High dimensional space has some unintuitive properties that complicates separation of information. It turns out, however, that this is actually a blessing in disguise for real-world data. This is your antidote to statistical learning theory.

Published

15 December 2024

Understanding spaces in high dimensions is surprisingly unintuitive. A simple example that illustrates this is scaling a sphere to infinite dimensions: its volume tends to zero.

Let’s show this mathematically. The volume of a sphere is given by:

\[V_n(r) = \frac{\pi^{n/2}}{\Gamma(n/2 + 1)} r^n\]

If this equation is familiar to you, you can pretty quickly see that the volume tends to zero.

$$ V_n(1) \,=\, \frac{\pi^{\frac{n}{2}}}{\Gamma\!\Bigl(\frac{n}{2}+1\Bigr)} \;\overset{\text{Stirling}}{\sim}\; \frac{\pi^{\frac{n}{2}}}{ \sqrt{\pi n}\,\Bigl(\tfrac{n}{2e}\Bigr)^{\frac{n}{2}} } \;=\; \frac{1}{\sqrt{\pi n}} \left(\frac{2e\pi}{n}\right)^{\!\tfrac{n}{2}} \;\xrightarrow[n\to\infty]{}\;0 $$ To simplify notation, this considers a unit sphere, $r=1$.

I find it a little difficult to develop an intuition around this formula, so a nicer way to visualise this is to think of a ball (or hypersphere) as a stack of discs in a lower dimension.

Consider an $(n+1)$-dimensional unit ball made up of $n$-dimensional disks (which eventually are just hyperspheres themselves). From the definition of a unit hypersphere,

\[x^2 + y_1^2 + y_2^2 + \cdots + y_n^2 \leq 1 ,\]

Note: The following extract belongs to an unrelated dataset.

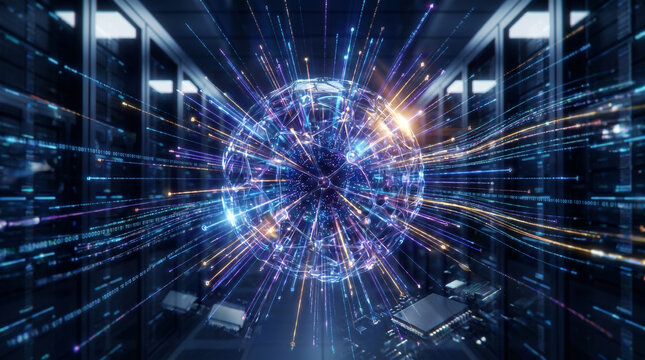 Futuristic glowing core of digital nodes and neural networks representing the rapid growth of AGI superintelligence and agentic AI. Highly detailed high-tech stock photo.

we find that for fixed value of $x$, the remaining $y$-coordinates form an $n$-dimensional ball (disk when $n=2$) of radius $r(x) = \sqrt{1 - x^2}$. The volume of this $n+1$ ball is therefore just it’s lower dimensional volume integrated over the $n$ axes for $x \in [-1, 1]$:

\[V_{n+1} = \int \cdots \int_{x^2 + y_1^2 + y_2^2 + \cdots + y_n^2 \leq 1} dx \, dy_1 \, dy_2 \, \cdots \, dy_n\]

and since the integral is symmetric in every $n$,

\[= \int_{-1}^{1} V_n r(x)^n dx\] \[= V_n \int_{-1}^{1} \left( \sqrt{1 - x^2} \right)^n dx\]

If you're still wondering where that gamma function above came from...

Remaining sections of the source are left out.